26/12/13

Sosok Tegas Berhati Lembut : In Memorium Mbah Hamid Baidhowi

Inna lillahi wa inna ilaihi roji'un...

Wafatnya Kyai Hamid Baidhowi begitu mengejutkan, selang 3 hari dirawat di RS Keluarga Sehat Hospital (KSH) beliau dipanggil Allah Ta'ala dalam usia sekitar 70 tahun. Semenjak kelelahan dari acara haflah di Pondok Ploso Kediri disambung dengan kabar wafatnya Mbah Idris Lirboyo, kondisi beliau semakin melemah. Dalam keadaan sayah
beliau sempat bercerita jika dulu pernah satu pondok dengan Mbah idris di Sarang, bahkan pernah nunut cikar dari Sarang menuju Lasem bersama. Banyak kenangan dan perjuangan yang beliau rasakan bersama Mbah Idris Marzuqi. Dan genap 7 hari setelah Mbah Idris wafat, beliau menyusul sowan kepada Allah SWT pemilik alam raya. Tepat hari Ahad Kliwon tanggal 17 Sya'ban 1435 hijriyah pukul 14.50 WIB beliau menghembuskan nafas terakhir, bertepatan dengan pertemuan keluarga besar KH. Baidhowi bin Abdul Aziz di Pondok al-Fakhriyah Lasem yang dihadiri sanak saudara dari jauh yang diadakan 2 tahun sekali. Ini bukan sebuah kebetulan, tapi ini ketentuan Allah SWT dan terdapat pesan dan hikmah di balik semuanya. Karena memang beliau dikenal "rahmah" khususnya pada sanak kerabat.
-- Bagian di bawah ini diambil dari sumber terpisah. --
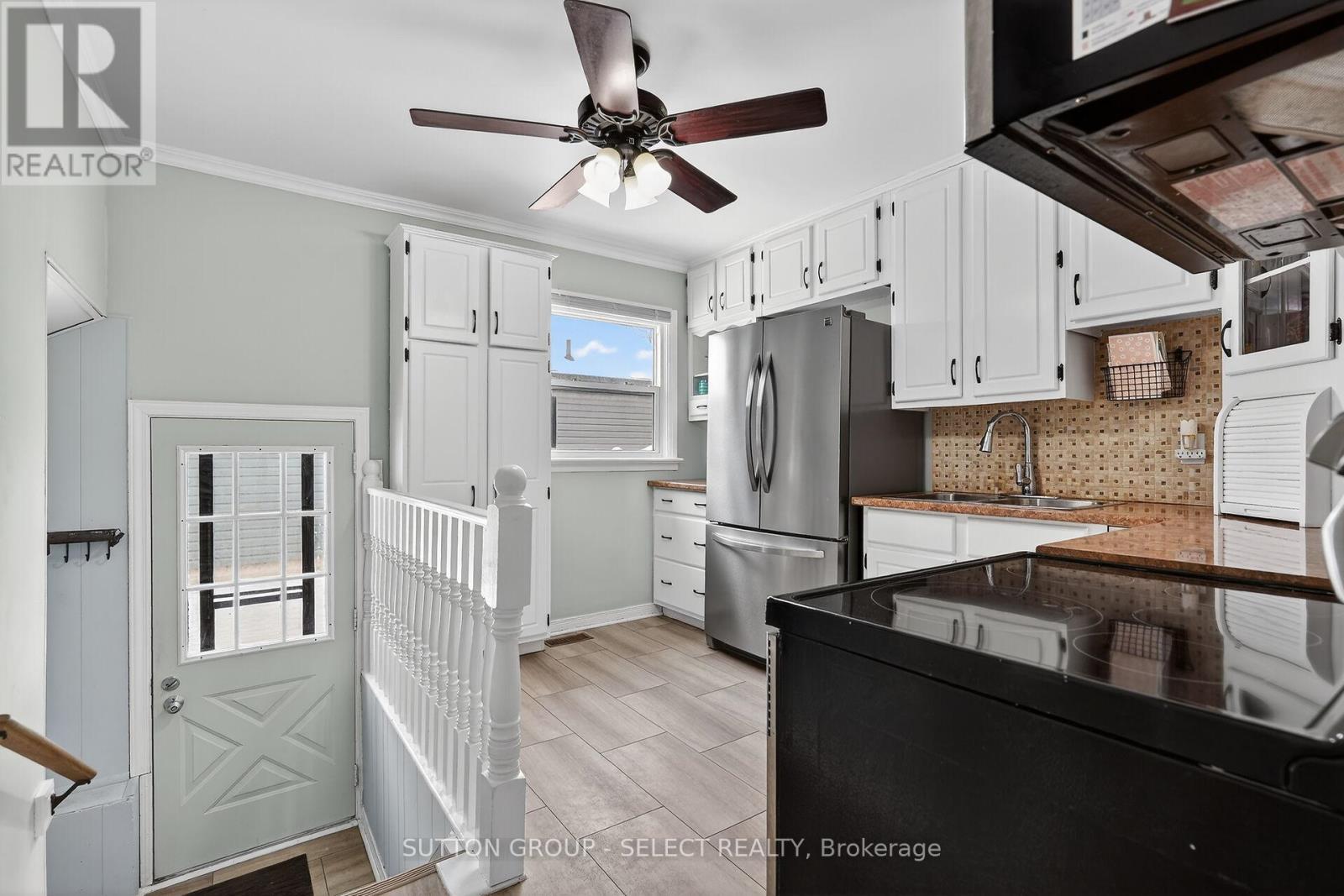 225 Sterling Street, London East, Ontario  N5Y 1Z3 - Photo 19 - X12753374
Bahkan tepat ketika beliau wafatpun tidak merepotkan saudara lainnya karena mereka sudah berkumpul di Lasem.


Dalam urusan aqidah, beliau dikenal tegas dalam memegang prinsip agama. Hal ini bisa kita lihat pada beberapa kitab karangan beliau seperti kitab "Tabshirah" yang berkenaan dengan kelompok Syiah dan kelompok nyleneh lainnya. Begitupun dengan di berbagai kesempatan beliau banyak dawuh di tiap ceramahnya tentang pentingnya menjaga aqidah dari kelompok-kelompok yang tidak sejalan dengan aqidah ahlus sunnah wal jamaah. Dan 20 hari sebelum beliau wafat memberi ceramah dan orasi dalam pertemuan Aliansi anti syiah di Bandung dan ditunjuk sebagai Majlis Dewan Syuro.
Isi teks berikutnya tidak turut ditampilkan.